Kemudian, DSN MUI akan menunjuk tim asesor untuk memeriksa penerapan standar hotel secara langsung berdasarkan daftar dan dokumen yang sudah masuk sebelumnya. Laporan tim asesor akan dibawa ke rapat harian DSN MUI. Setelah semuanya lengkap, maka hotel tersebut bisa diberikan sertifkat syariah yang berlaku selama tiga tahun.
APA KENDALA DAN TANTANGAN YANG SELAMA INI DIHADAPI DALAM PENGEMBANGAN PENERAPAN STANDAR HOTEL SYARIAH?
Ada dua hal yang umumnya sulit dipenuhi hotel dalam penerapan standar syariah. Pertama, sebagian besar hotel di Indonesia memiliki kolam renang. Sulit sekali bagi pihak hotel untuk membagi waktu antara penggunaan laki-laki dan perempuan, karena tidak boleh bercampur.

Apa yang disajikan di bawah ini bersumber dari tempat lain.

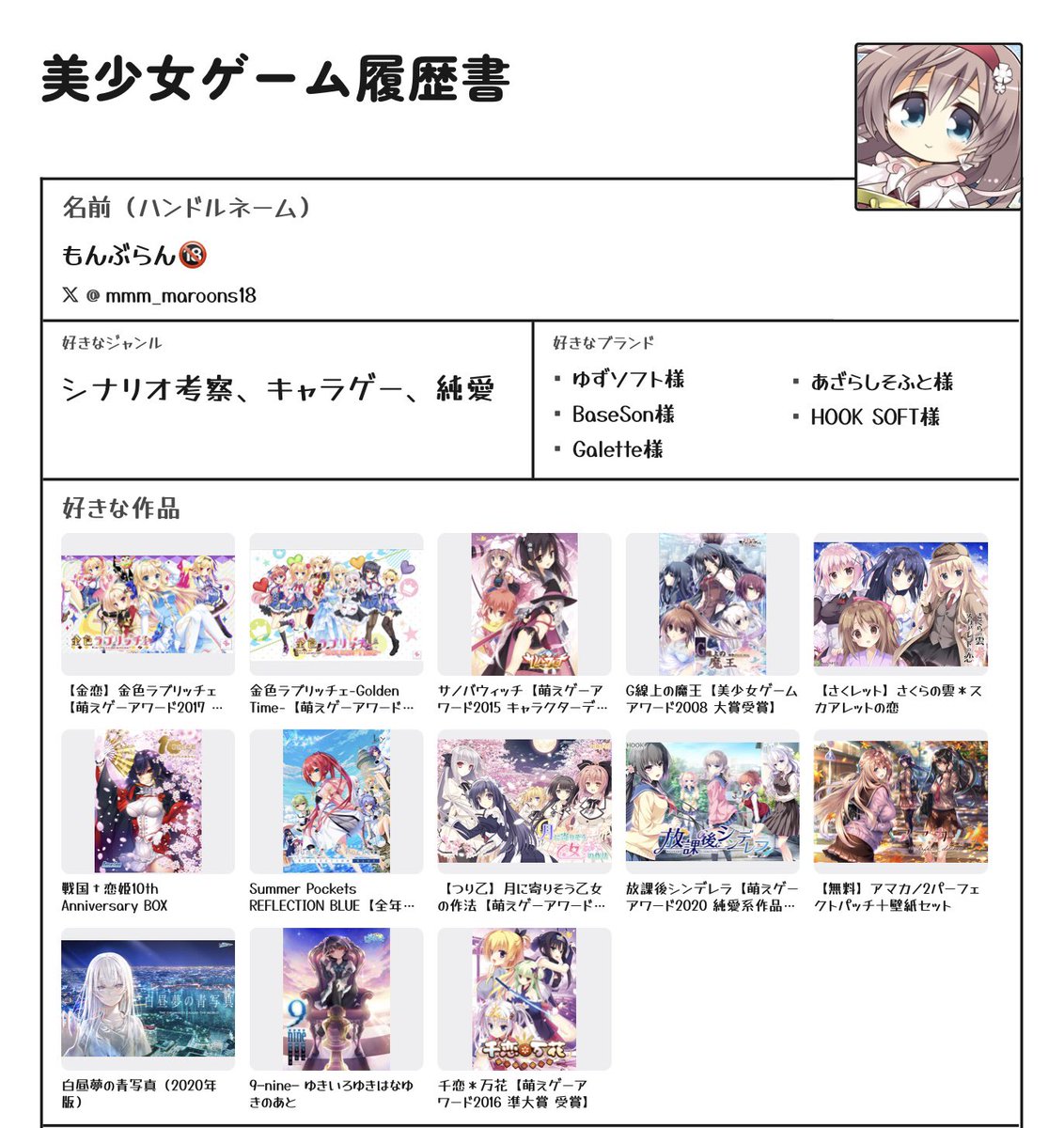 mmm_maroons18's tweet photo. 自己紹介を兼ねて作成しました✨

Kedua, umumnya hotel masih menyediakan alkohol, khususnya hotel bintang 4 dan 5. Ini harus benar-benar clear. Jika bicara resto, maka bisa dipisahkan antara resto yang khusus produk halal dengan yang masih ingin menjual produk haram seperti alkohol. Namun, jika bicara hotel syariah, maka seluruh bagian harus dijalankan sesuai prinsip syariah, termasuk produk yang dijual.

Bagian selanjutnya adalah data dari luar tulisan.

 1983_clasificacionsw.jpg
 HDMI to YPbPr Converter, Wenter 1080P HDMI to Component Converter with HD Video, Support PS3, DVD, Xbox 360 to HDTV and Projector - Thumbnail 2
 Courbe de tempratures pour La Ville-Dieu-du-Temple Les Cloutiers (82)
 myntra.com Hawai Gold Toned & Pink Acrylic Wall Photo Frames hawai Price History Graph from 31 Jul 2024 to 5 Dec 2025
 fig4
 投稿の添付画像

Tidak mungkin DSN MUI menyatakan hotel syariah selama ada penjualan khamr. Tidak hanya soal kehalalan produk, ini juga berkaitan dengan pendapatan hotel. Sumber pendapatan harus halal, kalau menjual bir, maka tidak mungkin dibilang halal.
BAGAIMANA DUKUNGAN DAN KOORDINASI PEMERINTAH DALAM PENGEMBANGAN HOTEL SYARIAH?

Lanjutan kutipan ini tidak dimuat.